First permitted by the US Securities and Exchange Commission in 1982, the use of share buybacks has spread rapidly over the past five years due in part to pressure from activist investors anxious for a quick payoff.
When companies buy back shares, the shares remaining on the market rise in value due to the tighter supply, an immediate boon to shareholders. Executives also benefit when their compensation is tied to the share price, often through rich stock options.
However, critics point out that companies spending billions of dollars of shareholder funds on buybacks means the funds are not being invested in new plants, higher salaries and other areas that boost the company and the broader economy.
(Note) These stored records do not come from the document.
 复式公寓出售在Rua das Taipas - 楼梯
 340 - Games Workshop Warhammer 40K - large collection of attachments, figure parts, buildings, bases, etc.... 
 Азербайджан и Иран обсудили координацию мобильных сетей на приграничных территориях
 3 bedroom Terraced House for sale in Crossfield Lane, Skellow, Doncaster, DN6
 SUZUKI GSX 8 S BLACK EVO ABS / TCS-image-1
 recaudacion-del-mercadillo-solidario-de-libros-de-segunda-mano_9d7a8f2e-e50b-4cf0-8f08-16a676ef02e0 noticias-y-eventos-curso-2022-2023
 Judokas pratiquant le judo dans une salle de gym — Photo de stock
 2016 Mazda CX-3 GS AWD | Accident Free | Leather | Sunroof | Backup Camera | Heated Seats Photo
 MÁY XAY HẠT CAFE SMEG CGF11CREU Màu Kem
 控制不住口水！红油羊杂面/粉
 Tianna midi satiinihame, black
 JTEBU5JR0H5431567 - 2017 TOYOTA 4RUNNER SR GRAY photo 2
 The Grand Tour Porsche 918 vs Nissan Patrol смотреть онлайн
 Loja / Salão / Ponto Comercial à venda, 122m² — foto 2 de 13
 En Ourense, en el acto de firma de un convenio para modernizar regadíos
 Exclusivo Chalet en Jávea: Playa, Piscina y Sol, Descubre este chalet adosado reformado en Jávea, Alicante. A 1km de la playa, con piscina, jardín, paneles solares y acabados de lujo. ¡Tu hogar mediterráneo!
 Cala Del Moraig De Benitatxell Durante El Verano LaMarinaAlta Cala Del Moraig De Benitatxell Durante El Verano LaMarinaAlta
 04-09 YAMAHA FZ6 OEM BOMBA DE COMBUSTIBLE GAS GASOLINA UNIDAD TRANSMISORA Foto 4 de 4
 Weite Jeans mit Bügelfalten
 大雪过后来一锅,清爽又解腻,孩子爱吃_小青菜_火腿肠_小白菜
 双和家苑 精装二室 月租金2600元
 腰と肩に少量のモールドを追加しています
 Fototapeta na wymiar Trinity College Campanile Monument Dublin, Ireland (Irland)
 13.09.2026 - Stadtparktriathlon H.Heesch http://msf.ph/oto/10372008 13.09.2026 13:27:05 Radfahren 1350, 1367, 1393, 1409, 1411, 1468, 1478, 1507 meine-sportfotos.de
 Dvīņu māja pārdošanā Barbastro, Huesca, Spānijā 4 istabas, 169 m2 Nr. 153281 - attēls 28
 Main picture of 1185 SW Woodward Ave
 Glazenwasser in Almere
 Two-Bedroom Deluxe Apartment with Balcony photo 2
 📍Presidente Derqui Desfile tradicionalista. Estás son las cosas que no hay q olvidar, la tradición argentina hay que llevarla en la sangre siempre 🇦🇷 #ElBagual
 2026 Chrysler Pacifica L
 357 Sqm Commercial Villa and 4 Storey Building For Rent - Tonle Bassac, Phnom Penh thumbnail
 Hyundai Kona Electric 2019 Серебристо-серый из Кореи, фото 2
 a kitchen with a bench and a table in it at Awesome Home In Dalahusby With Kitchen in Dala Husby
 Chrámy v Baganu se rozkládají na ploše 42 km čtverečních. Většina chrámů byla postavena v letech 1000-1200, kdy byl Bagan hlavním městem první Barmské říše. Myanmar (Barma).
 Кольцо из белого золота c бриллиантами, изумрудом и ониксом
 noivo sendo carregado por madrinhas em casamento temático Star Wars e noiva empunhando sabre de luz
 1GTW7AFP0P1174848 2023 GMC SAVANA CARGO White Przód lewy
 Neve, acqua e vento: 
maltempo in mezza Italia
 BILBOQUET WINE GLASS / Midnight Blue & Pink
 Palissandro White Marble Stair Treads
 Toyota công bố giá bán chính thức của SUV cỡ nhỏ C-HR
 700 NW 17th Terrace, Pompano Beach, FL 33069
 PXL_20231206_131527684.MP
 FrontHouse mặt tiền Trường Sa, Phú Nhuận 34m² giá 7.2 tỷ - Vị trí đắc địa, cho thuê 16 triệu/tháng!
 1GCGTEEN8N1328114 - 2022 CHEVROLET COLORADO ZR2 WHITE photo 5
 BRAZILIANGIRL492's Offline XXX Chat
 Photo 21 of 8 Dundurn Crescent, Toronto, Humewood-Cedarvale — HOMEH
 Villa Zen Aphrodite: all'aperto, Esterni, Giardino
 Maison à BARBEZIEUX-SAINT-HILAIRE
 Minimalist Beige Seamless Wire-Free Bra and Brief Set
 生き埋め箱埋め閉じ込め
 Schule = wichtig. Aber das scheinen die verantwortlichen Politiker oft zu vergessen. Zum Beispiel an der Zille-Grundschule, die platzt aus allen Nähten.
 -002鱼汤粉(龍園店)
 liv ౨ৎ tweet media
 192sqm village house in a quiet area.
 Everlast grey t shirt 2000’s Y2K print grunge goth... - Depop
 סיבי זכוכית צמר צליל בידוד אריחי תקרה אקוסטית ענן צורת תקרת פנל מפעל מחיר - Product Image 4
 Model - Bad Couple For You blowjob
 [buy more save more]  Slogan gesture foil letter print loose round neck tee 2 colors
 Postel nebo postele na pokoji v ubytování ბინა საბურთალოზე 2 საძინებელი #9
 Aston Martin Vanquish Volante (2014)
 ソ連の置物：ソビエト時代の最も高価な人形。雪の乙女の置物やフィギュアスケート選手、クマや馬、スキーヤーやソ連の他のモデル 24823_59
Over the past two years, at least 20 percent of S&P 500 companies have trimmed their share count by at least 4 percent, S&P Dow Jones Indices analyst Howard Silverblatt said.
The net effect is to increase the companies’ earnings-per-share by at least 4 percent. However, as a study by University of Chicago professors Daniel Bens, Franco Wong and Douglas Skinner showed, that gain “cannot be attributed to improved firm performance.”
The surge in spending on buybacks has been huge. In 2009, the 500 biggest publicly traded companies in the US spent 27.5 percent of their US$500 billion in operating profits on buybacks, according to S&P Indices.
By last year, they had spent 64.7 percent of US$885.3 billion in earnings on buybacks.
Apple Inc led the way last year, putting US$37 billion in buybacks, followed by Microsoft Corp with US$17.9 billion and Qualcomm Inc with US$11.6 billion.
Making that possible has been the companies’ lofty cash holdings, which stood at US$1.3 trillion at the end of last year among the S&P 500, according to Silverblatt.
They “have to do something with their cash,” Silverblatt said.
However, some also take advantage of low interest rates to borrow money to fund buybacks. Apple in February announced a debt offering of US$12 billion to finance buybacks and share dividends, even as it holds more than US$200 billion in cash, much of it overseas.
The market has taken a kind view of buybacks. Shares of 100 companies that undertook buybacks in 2014 outperformed competitors who used funds to build factories or hire employees, according to a study by Barclays PLC. And buybacks have accounted for about 21 percent of the rise of the S&P 500 since 2009, according to S&P Dow Jones Indices.
However, not everyone is sold.
For one, critics point out that frequently, buybacks mask poor performance: A buyback can increase a company’s earnings per share even as overall earnings fall.
William Lazonick, an economist at the University of Massachusetts at Lowell, said buybacks also do not ensure companies stay prosperous by investing in their businesses.
“You are manipulating the stock prices,” he said. “And then you are not creating value. You are extracting value that workers and taxpayers and others created. The only logic is that the people who are making those decisions want to get stock prices up so they can sell the stock and enrich themselves.”
Politicians, too, have taken up the issue.
Democratic US presidential hopeful Hillary Rodham Clinton, the favorite to win her party’s nomination for president, last year said that she supports reforms to ensure that buybacks are not used just to boost share prices.
US Senator Elizabeth Warren from Massachusetts also favors reining in the “sugar high” from buybacks.
Critics say there is also a link between runaway buybacks and the rising gap between rich and poor.
“If the US is to achieve economic growth with an equitable income distribution and stable employment opportunities, government rule-makers and business decisionmakers must take steps to bring both executive pay and stock buybacks under control,” Lazonick wrote in an April 2014 paper.